Elle lui sourit, amusée, c'était la première fois qu'elle voyait le duc de Wayland aussi contrarié. Il est vrai que savoir, du jour au lendemain, que vous êtes mariés à une personne dont vous ignoreriez l'existence, serait assez frustrant.
« Tu devrais attendre quelques heures avant de quitter le manoir. Tu ne feras qu'alimenter les rumeurs à notre sujet et en ce moment je ne tiens pas à apparaître dans la Une du Times. »
La jeune femme quitta immédiatement ses bras en l'entendant, les yeux bleus du duc la suivirent marcher jusqu'au lit à baldaquin, puis en la voyant commencer à remettre ses dessous, Trevor leva les yeux au ciel. Elle pensait qu'il n'assumait pas le fait qu'il l'ait prise en tant que maitresse pendant ses derniers mois, cependant Annabelle savait pertinemment que ce n'était que parce qu'il devait régler ce problème qui faisait fureur dans toute l'Angleterre.
Dans un soupir, il s'arrangea assez rapidement et sonna la cloche afin d'appeler un domestique. Ce fut Pauline qui apparut au pas de la porte. Une petite femme aux formes proportionnées, aux traits étonnamment fins et qui possédait de belles boucles blondes libérées par son bonnet. Le duc avait été surpris de savoir que ce petit bout de femme n'appartenait à aucun sang noble. A en voir par ses traits, la grâce qu'elle libérait dans chacun de ses gestes et enfin la nature de son langage, Pauline avait tout l'air d'une fille de bonne famille, bien éduquée et qui n'attendait que l'engagement pour mettre, justement, à profit son éducation.
« Vous avez appelés, Votre Grâce ?
— Demande à ce que l'attelage d'Annabelle soit prêt à la ramener chez elle. Il semblerait qu'elle veuille à présent partir.
— Bien Milord », répondit la domestique de sa douce voix.
Elle ignora le regard noir que lui lança la maîtresse de son maître et appliqua les ordres qu'il lui avait dictés.
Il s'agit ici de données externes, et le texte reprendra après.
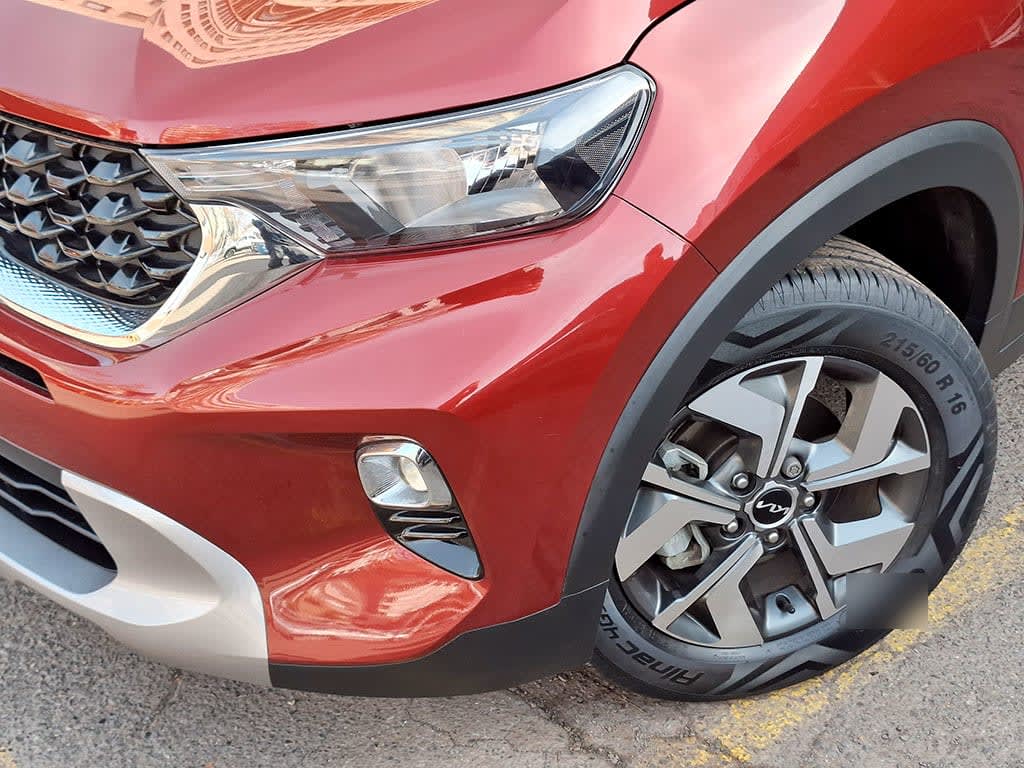 Kia Sonet Ex 1.5l 6mt Acc Plus año 2023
Annabelle se sentit offensée par le revirement de la situation, le duc changeait vite d'humeurs ces temps-ci. Autrefois, si elle avait fait ce genre de caprices, il serait resté un peu plus longtemps pour lui tenir compagnie, là, il la renvoyait sans aucun scrupule.
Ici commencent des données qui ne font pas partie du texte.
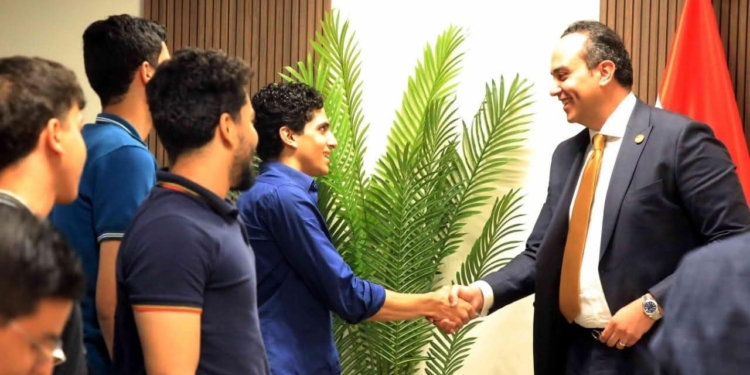 رئيس «الرعاية الصحية» لأوائل الثانوية العامة: أعداء الوطن يستهدفونكم بالشائعات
« Bien, il semblerait que tu aies d'autres affaires plus importantes que moi. Ne t'étonne donc pas si tu ne me vois pas les prochains jours qui suivront.
— À bientôt, mon cœur, lui répondit-il affichant une mine radieuse, en sortant de la pièce.
— Faites votre possible pour que son attelage ne quitte le domaine qu'après une demi-heure, je ne souhaite pas figurer dans de nouveaux problèmes et je pense devenir assez vieux pour des duels », commanda Trevor en descendant rapidement les escaliers.
Il fouilla dans sa poche de pantalon et y sortit une montre, il était déjà en retard de dix minutes. Bien qu'il aurait pu arriver même une heure après, ça n'aurait rien changé, mais il avait d'autres choses faire. Trevor devait aller récupérer le testament chez sa grand-mère qui avait voulu l'examiner de plus près.
« Elle serait veuve depuis bien longtemps si son mari n'était pas aussi stupide », osa rajouter Emrick avec un sourire satisfaisant.
Cependant il suffit à Trevor de lui lancer un regard suffisant pour qu'il s'efface de son visage.